The panel...
Kenneth N. Abrahams, operations superintendent, Star Enterprise, Delaware City, Del. Joanne Deady, regional technical service manager, fluid cracking catalysts, Grace Davison, Baltimore. Dale Emanuel, manager of planning and engineering, southeastern business unit, Fina Oil & Chemical Co., Dallas. U. George Frondorf, manager, technical support, Citgo Petroleum Corp., Lake Charles, La. Dale Hansen, complex manager, Valero Refining & Marketing Co., Corpus Christi, Tex. William F. Johns, coordinator of hydrotreating and hydrocracking processes, Texaco Refining & Marketing Inc., Bakersfield, Calif. Theodore E. Keller, manager of project engineering, Ultramar Inc., Wilmington, Calif. Charles L. Morgan, manager of operations, La Gloria Oil & Gas Co., Tyler, Tex. Dennis Parker, team leader, catalytic cracking units, Phillips Petroleum Co., Sweeny, Tex. William J. Potscavage, vice-president of technology, ChemLink, Houston. J.L. (Jay) Ross Jr., manager, FCC technology development, Stone & Webster Engineering Corp., Houston. C.C. Shen, process section manager, Jacobs Engineering Group Inc., Houston. Jose Joaquin Solis Muñoz, corporate director of technology, Compañia Española de Petroleos, S.A., Madrid. C.E. (Bud) Van Iderstine, manager, operations, Consumers' Co-operative Refineries Ltd., Regina, Sask. Moderator: Terrence L. Higgins, technical director, National Petroleum Refiners Association, Washington, D.C.
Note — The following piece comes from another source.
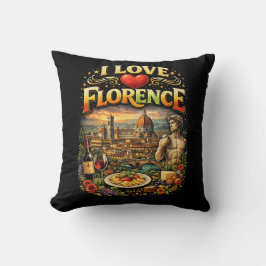 Almofada Eu Amo Florença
Panelists and attendees at the most recent National Petroleum Refiners Association Question and Answer Session on Refining and Petrochemical Technology discussed process control issues in detail.
Participants shared their experiences on:
- Personal computers (PCs) in process control
- Programmable logic control issues
- Neural networks
- Fieldbus technology
- Statistical analyses of refinery data.
For details on the format of this meeting, held Oct. 4-6, 1995, in San Antonio, see Part 1 of this series (OGJ, June 3, p. 49).
Use of PCs
Van Iderstine:
We do not use personal computers to control any process directly. However, we do use them as an interface to control systems for our programmable logic controllers (PLCs), which, in our plant, primarily control the emergency shutdown systems.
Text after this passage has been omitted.